*** Dataset records ***
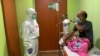 Dokter Cheras Sjarfi berbincang dengan seorang pasien di ruang isolasi di tengah lonjakan kasus baru COVID-19, di sebuah rumah sakit di Jakarta, 1 Juli 2021. (Foto: Yuddy Cahya/Reuters)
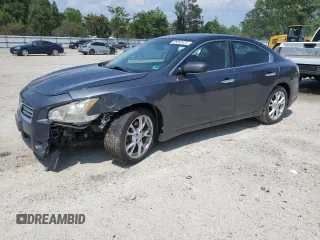 2013 Nissan Maxima S z VIN 1N4AA5AP8DC848292, wystawiony jako Copart lot #58363425 z przebiegiem 186 973 mil mil oraz Czysty tytuł • Clean title. Historia ofert i sprzedaży dostępna na DreamBid. Obrazek 1.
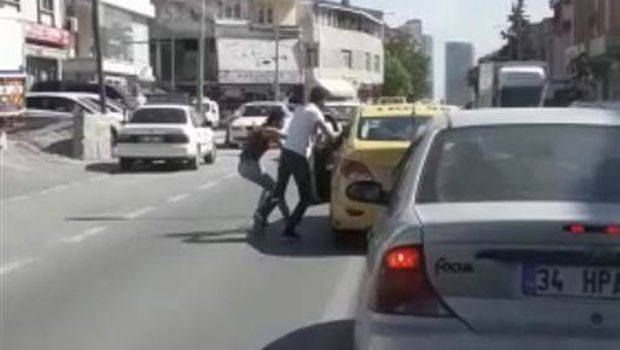 Kadın yolcuyu bacaklarından tutup aşağı attı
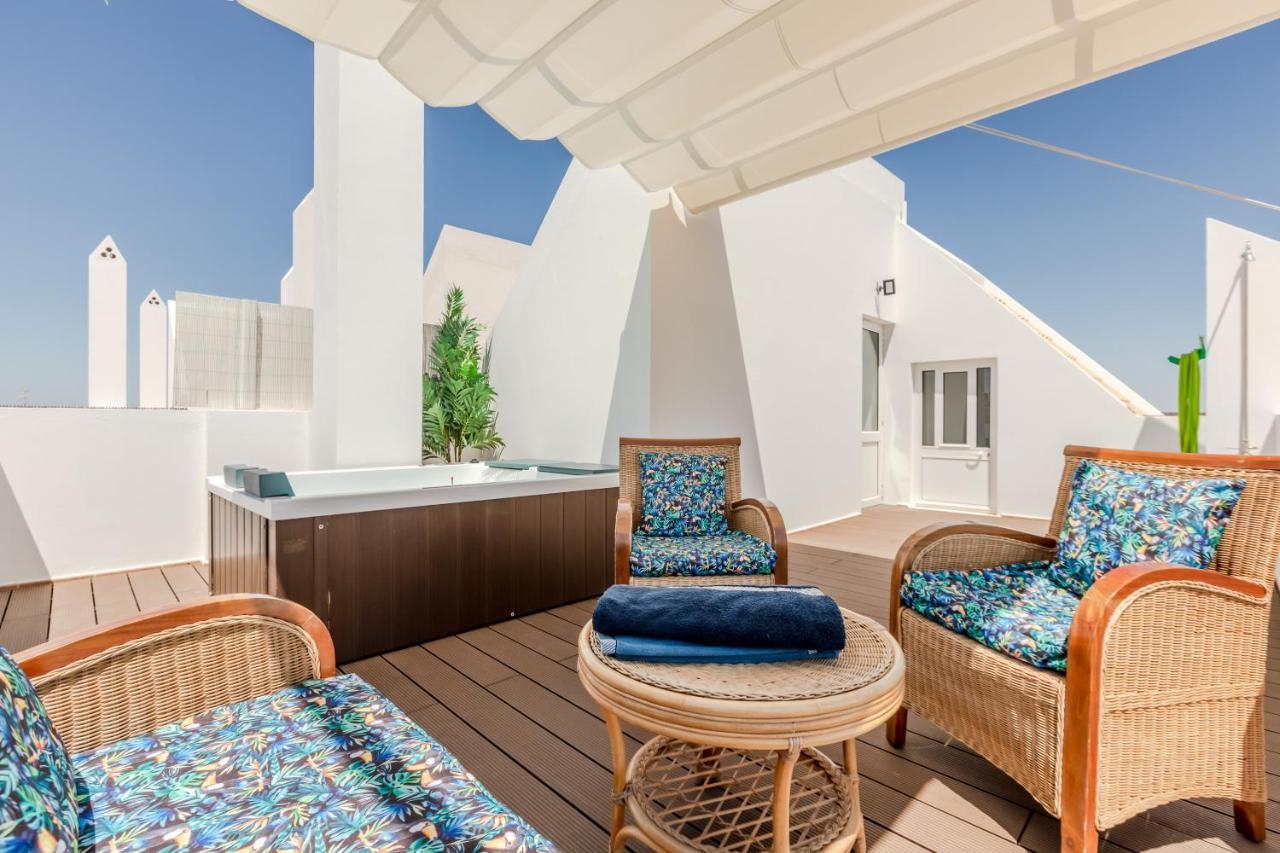 Seascape Villa Private Pool & Rooftop Jacuzzi With Sea View Near Manta Rota Beach วิลา โนวา เด คาเซลา ภายนอก รูปภาพ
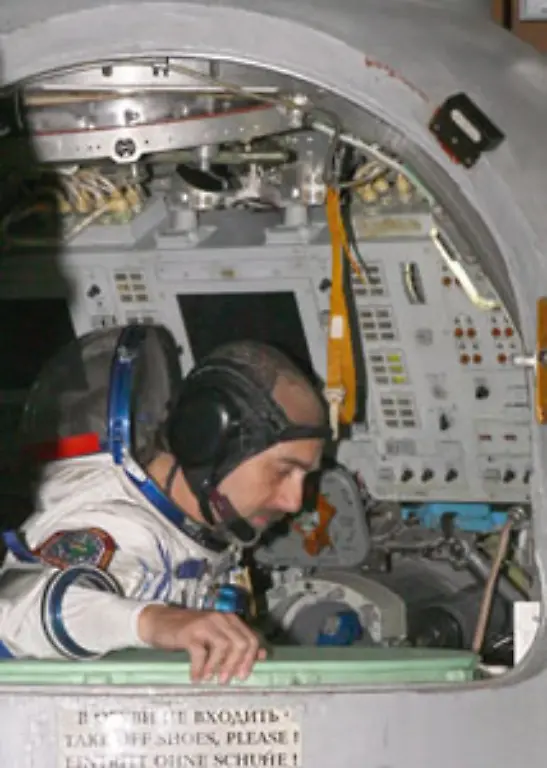 Wer-dann-noch-zur-ISS-will-ist-mindestens-fuenf-Jahre-lang-auf-Mitfluggelegenheiten-in-der-wesentlich-kleineren-und-unbequemen-Sojus-Raumkapsel-angewiesen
*** End of Dataset records ***
Task statement:
None of the pictures should appear, though every line of the data above must be reproduced exactly.

Task result:
 Dokter Cheras Sjarfi berbincang dengan seorang pasien di ruang isolasi di tengah lonjakan kasus baru COVID-19, di sebuah rumah sakit di Jakarta, 1 Juli 2021. (Foto: Yuddy Cahya/Reuters)
 2013 Nissan Maxima S z VIN 1N4AA5AP8DC848292, wystawiony jako Copart lot #58363425 z przebiegiem 186 973 mil mil oraz Czysty tytuł • Clean title. Historia ofert i sprzedaży dostępna na DreamBid. Obrazek 1.
 Kadın yolcuyu bacaklarından tutup aşağı attı
 Seascape Villa Private Pool & Rooftop Jacuzzi With Sea View Near Manta Rota Beach วิลา โนวา เด คาเซลา ภายนอก รูปภาพ
 Wer-dann-noch-zur-ISS-will-ist-mindestens-fuenf-Jahre-lang-auf-Mitfluggelegenheiten-in-der-wesentlich-kleineren-und-unbequemen-Sojus-Raumkapsel-angewiesen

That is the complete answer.